Data formats must support different optimizations based on different access
patterns. These considerations lead to the requirements on input of foreign
data formats and creation of specialized output formats.
Detailed Requirements:
- Access rates (online): The tool must be able to
be used in an online environment where data is being accessed in real time.
- Access rates (offline): The tool must be able
to access very large (at least several TB) data sets. It should be able to
combine results from accessing several different data streams.
- Serial vs random access: The analysis tool must
be able to efficiently read a serial stream of data at at least 90% of the
bandwidth provided by the storage media on which the data resides (ie, the
analysis tool should not impose any significant additional overhead for serial
reads). The tool must also allow random access to individual events within a
larger event stream without undue overheads. The tool must support reading (and
writing) data to all of the various devices in a mass storage system hierarchy.
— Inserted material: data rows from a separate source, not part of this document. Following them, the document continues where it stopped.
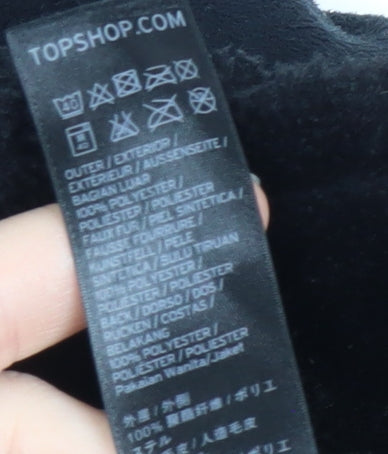 Topshop Women's Black Motorcycle Jacket, Size 10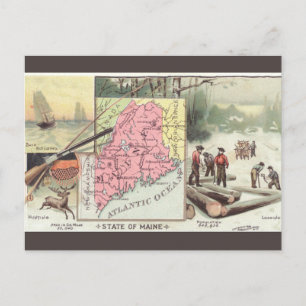 Postal Mapa Antiguo de Maine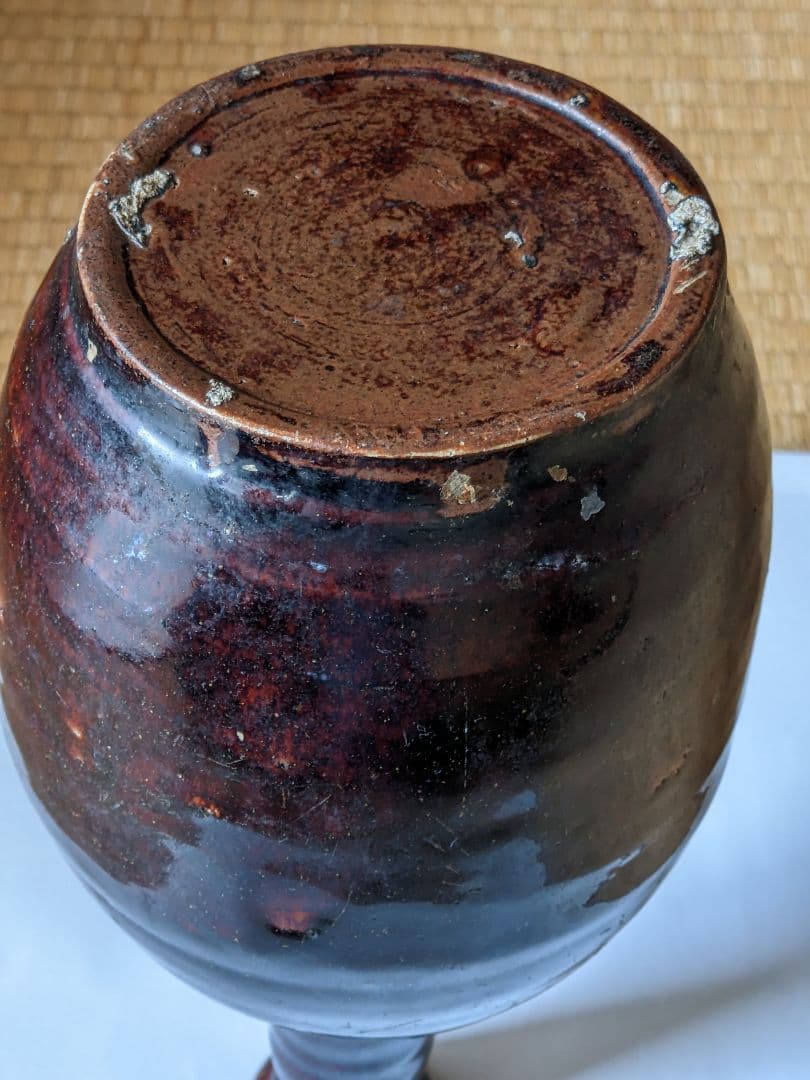 ♦江戸時代 尾呂窯 鉄釉 徳利 瓶 酒器 18世紀初頭 花器 花生置物 骨董品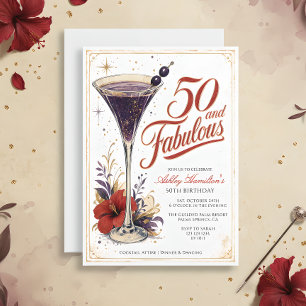 Martini Fifty & Fabulous 50th Birthday Invitation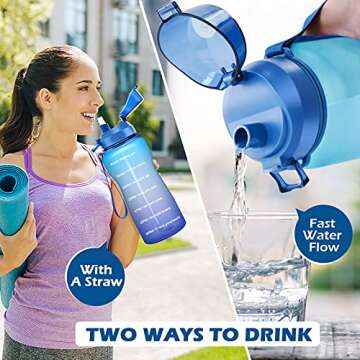 4AMinLA Motivational Water Bottle 64/100oz Half Gallon Jug with Straw and Time Marker Large Capacity Leakproof BPA Free Fitness Sports Water Bottle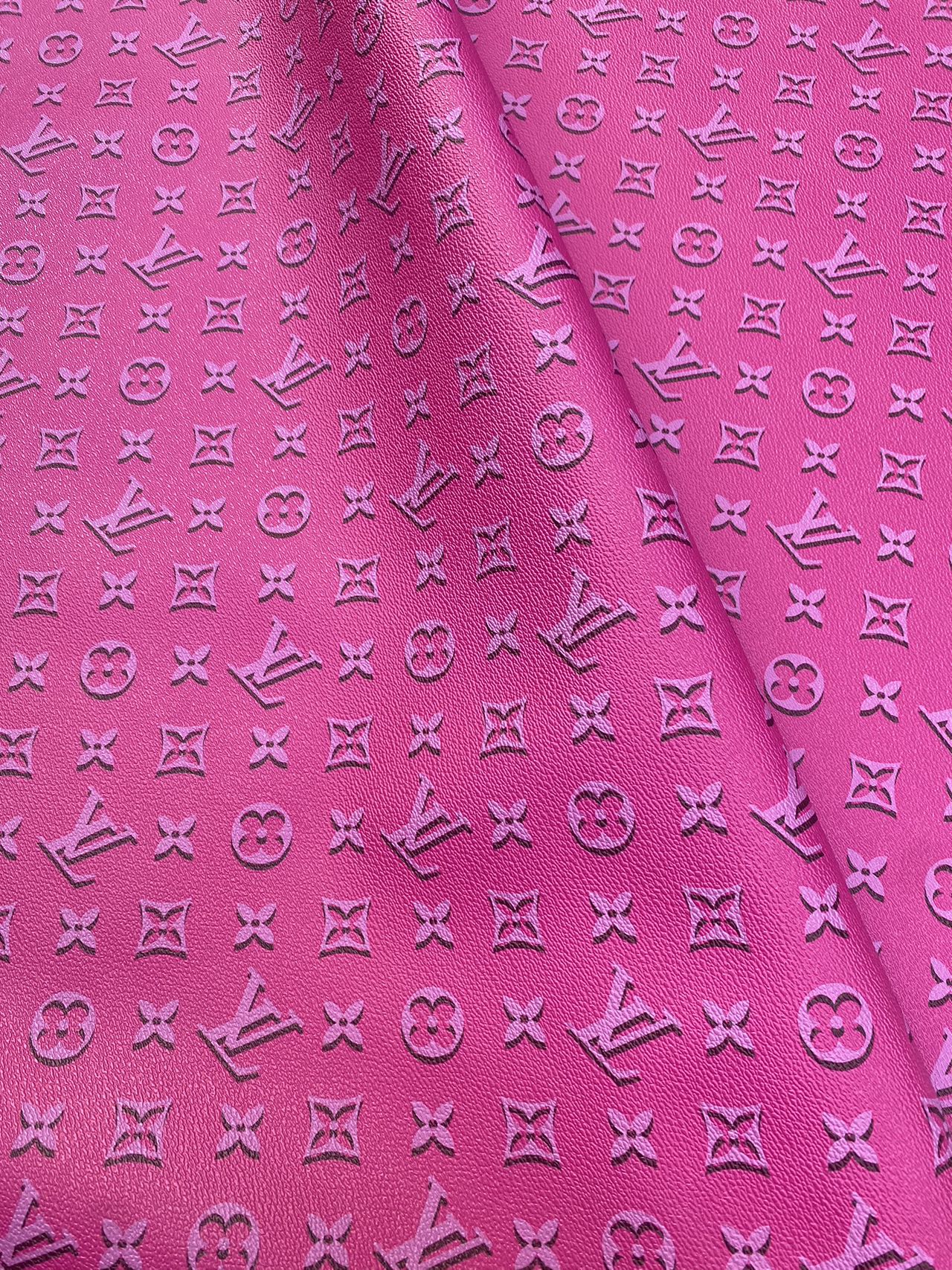 Hot Pink LV Louis Vuitton Leather Fabric for Handmade Sewing Car Upholstery Home Decor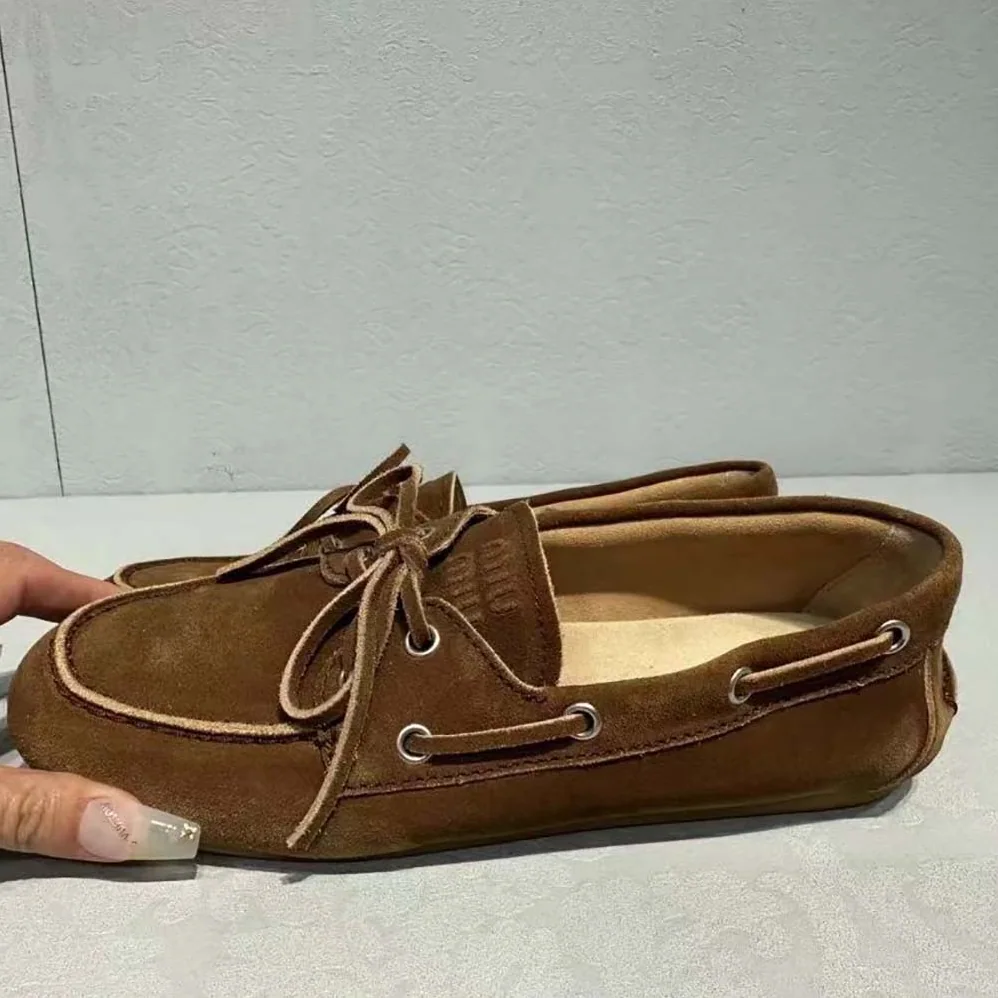Miu Miu Unlined Bleached Leather Loafers for Women in Brown Miu Miu Unlined Bleached Leather Loafers for Women in Brown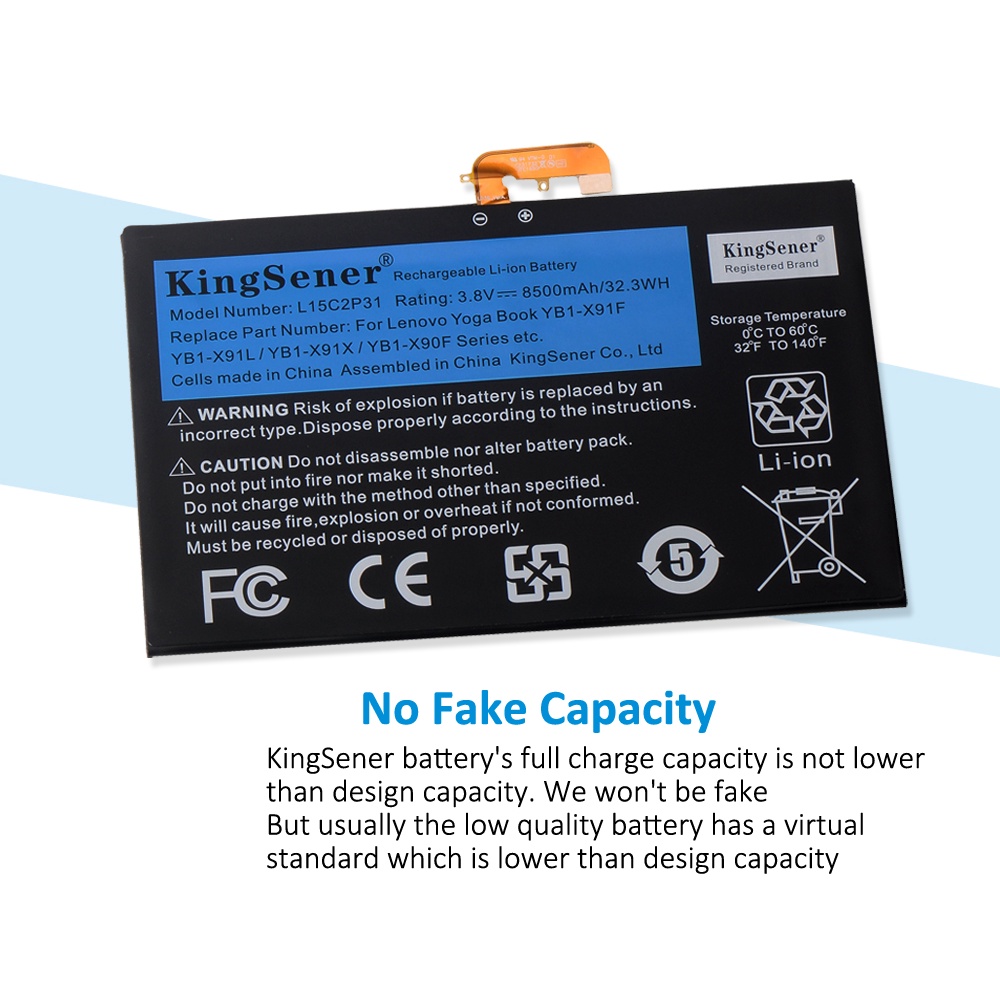 KingSener L15C2P31 8500MAh แบตเตอรี่แล็ปท็อปสำหรับ Lenovo Yoga Book YB1-X91F X91L X91X YB1-X90F YB1-X90L Series แบตเตอรี
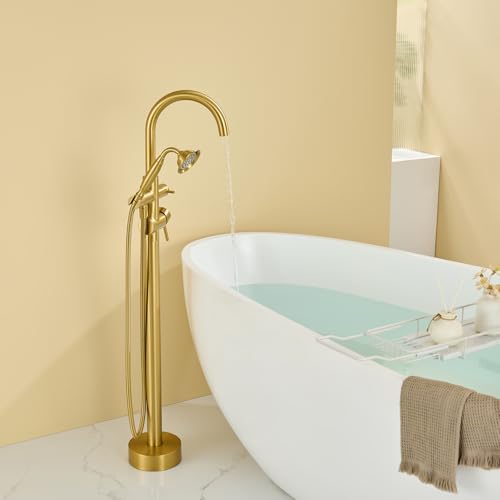 Wowkk Tub Filler Freestanding Bathtub Faucet Brushed Gold Floor Mounted Brass Bathroom Tub Faucets with Hand Shower - color: Brushed Gold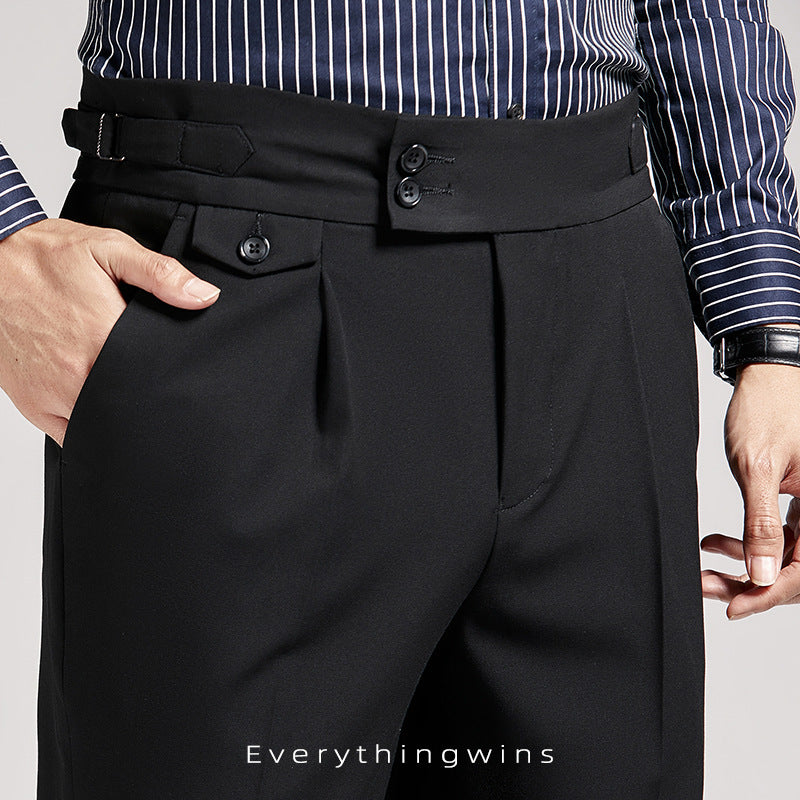 Men's Brown Pencil Pants Draping Business Casual High Waist Pants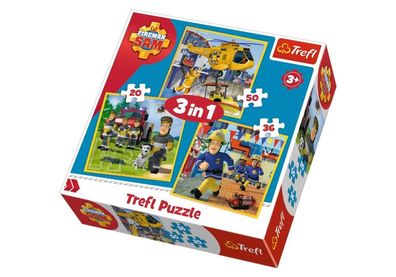 Feuerwehrmann Sam - Puzzle 3in1 20-50 Teile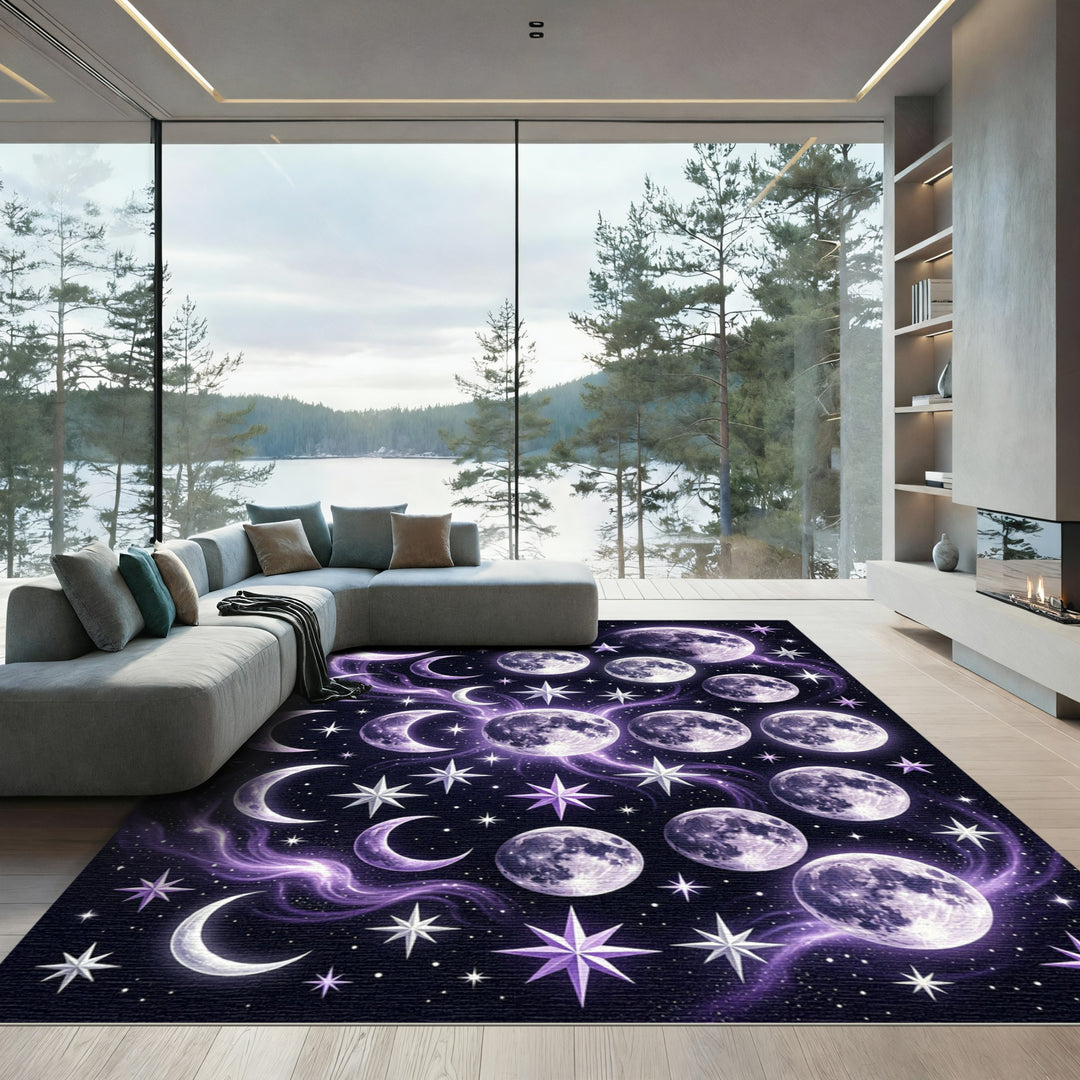 Celestial Purple Moon Starry Night Rug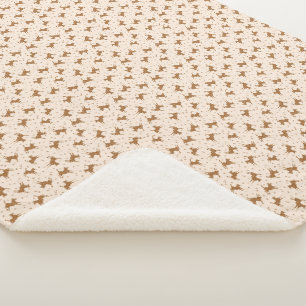 Cobertor Sherpa Pequenos Cavalos Marrons - em cor-de-rosa salmão.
- Granularity of access: The tool must provide
mechanisms for reading only a portion of an event without using up I/O bandwidth
for the unread portions of the event. This may require the data to be
reformatted into a specialized optimized format with some pre-knowledge of the
granularity that the physicists will request.
- Foreign Input and Output Formats: The analysis tool must
provide a hook for user supplied conversion routines to read foreign data
formats. Similarly there must be a user hook allowing foreign output formats.
- Specialized output formats: The tool must
allow data to be read in one format and written out in another. It is highly
desirable for the tool to provide certain specialized formats that optimize data
access bandwidth based on expected access patterns.
DATA ANALYSIS
Data analysis consists of the related processes of selecting samples of events,
performing analysis on these samples by calculating various mathematical
functions from the data in the selected events, allowing interactive variation
both in the selection criteria and the calculations performed, preserving
samples of events in specialized (optimized) formats for later re-analysis, and
preserving the functions and selection criteria.
One important tool for this analysis is a scripting language which allows the
physicist to specify both the selection criteria and mathematical operations to
be applied to the data, and to control the overall analysis, plotting and
presentation environment. Thus this scripting language must contain some of the
functionality of programming languages and some of command line or menu driven
control interfaces.
However, the basic requirement is that the analysis tool support a rich
interactive environment that supports easy control of data access and analysis
description as well as interactive development of physics algorithms, with some
level of compatibility with offline code so algorithms developed with the
analysis tool are usable offline, and offline code can be incorporated in
analysis. It is felt that the most effective paradigm to meet this requirement
is to require the analysis tool to support linking with external high level
language (HLL) routines. The scripting language then does not need to be
identical to any particular high level language (or subset of a language) as
long as it allows basic data access, commands, simple evaluations, flow control
and looping, and, most importantly, invoking of precompiled or dynamically
linked high level language procedures. It is also important for the scripting
language to support the offline object model for data. There is no requirement,
however, for COMIS-like interactive functionality as long as the scripting
language supports links to HLL routines.
It might be argued that portability and ease of use (and learning)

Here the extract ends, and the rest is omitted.